And the uncanniness compounds because humans are exquisitely sensitive to conversational timing. We detect sub-two-hundred-millisecond deviations. When the pause is too long, your brain flags it as unnatural before you consciously register why. It's the same reason Zoom calls feel draining — even tiny latencies break the rhythm of turn-taking.

By the way, before we go deeper — DeepSeek V four Pro is writing our script today. So if anything comes out especially articulate, that's why.

Welcome aboard, DeepSeek. Alright, so let me walk through what the integrated models do differently. The fundamental architectural shift is that instead of converting audio to text and back, these models operate directly on audio tokens. They take in raw audio, encode it into a learned representation — sometimes called audio embeddings or acoustic tokens — and the model reasons across those tokens directly, then decodes back to audio. There's no intermediate text representation at all.

The model is thinking in sound.

That means prosody, emotion, speaker state — all of that is preserved in the representation. The model can hear that you're frustrated or hesitant or sarcastic, and it can respond with appropriate emotional coloring in its own voice. Sesame's CSM paper is really instructive here. They use a dual-tower architecture — one tower for semantic understanding, one for acoustic generation — and they're coupled through what they call a "conversational speech model" that handles the turn-taking dynamics explicitly. Their system can generate overlapping speech, backchanneling, all the things that make conversation feel alive.

Backchanneling being the "mm-hmm" and "yeah" stuff.

Little vocal nods that signal you're tracking. Pipeline systems almost never do this well because the ASR treats those as noise to filter out, and the LLM has no mechanism to generate them in real time. With a speech-to-speech model, the system can produce those micro-responses while you're still speaking, because it's processing audio continuously rather than waiting for a turn boundary.

Let's talk about the players in this space, because Daniel listed quite a few and they're not all doing the same thing.

OpenAI's Realtime API — that's gpt-four-o-realtime and the newer gpt-realtime — is probably the most visible.
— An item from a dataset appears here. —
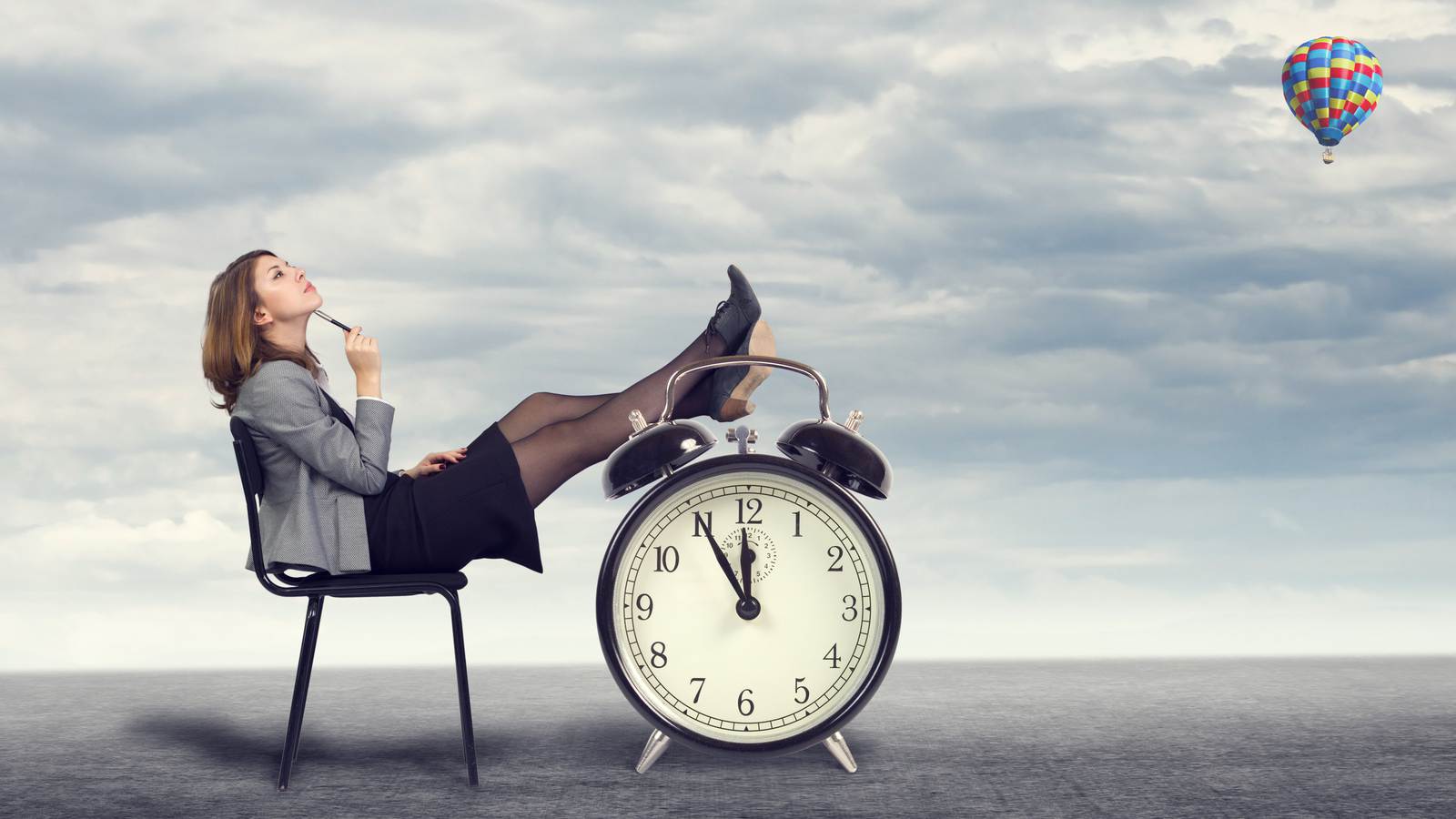 Zeit besser einteilen evidero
They've got this WebSocket-based interface where audio frames stream in, the model processes them natively, and audio frames stream out. They support function calling, which is critical for agent use cases where the model needs to actually do things — check a calendar, query a database, process a payment. The latency numbers they've published are aggressive. They're claiming median response times under three hundred milliseconds for simple utterances, though real-world performance varies with model load.

Google's Gemini Live?

Similar idea, different implementation. Google's approach leverages their in-house TPU infrastructure and they've done some clever things with audio tokenization to reduce the token rate. The Gemini Live system uses what they call a "multimodal native" architecture — the same model handles text, images, and audio, which means the audio understanding benefits from the broader training. But the key difference from OpenAI is that Google has tighter integration with Android. Gemini Live is deeply embedded in the Android experience, which gives it lower client-side latency and better access to on-device context.

The platform advantage matters.

And that's one reason these things are hard to compare on raw benchmarks alone. A model might have three-hundred-millisecond server latency, but if the client stack adds another two hundred milliseconds of buffering and codec overhead, the user experience is still half a second. Integration quality matters as much as model quality.

What about Moshi? Kyutai's thing.

Moshi is fascinating because it's open. Kyutai — the French nonprofit lab — released Moshi in September twenty twenty-four, and they published the full architecture. It's a seven-billion-parameter model that processes audio in streaming chunks with a theoretical latency of around two hundred milliseconds. What's notable is they designed it explicitly for full-duplex operation — the model can listen and speak simultaneously, which is how humans actually converse. We don't wait for the other person to finish before formulating a response. We're processing their speech, predicting where they're going, and preparing our reply in parallel. Moshi does that.

It's open-weight?

Weights, code, the whole thing. That matters for the ecosystem because it means researchers and smaller companies can build on it without licensing costs. The trade-off is that Moshi's raw conversational quality isn't quite at the level of the proprietary systems — it can sound a bit more synthetic — but the architectural innovations are real and influential.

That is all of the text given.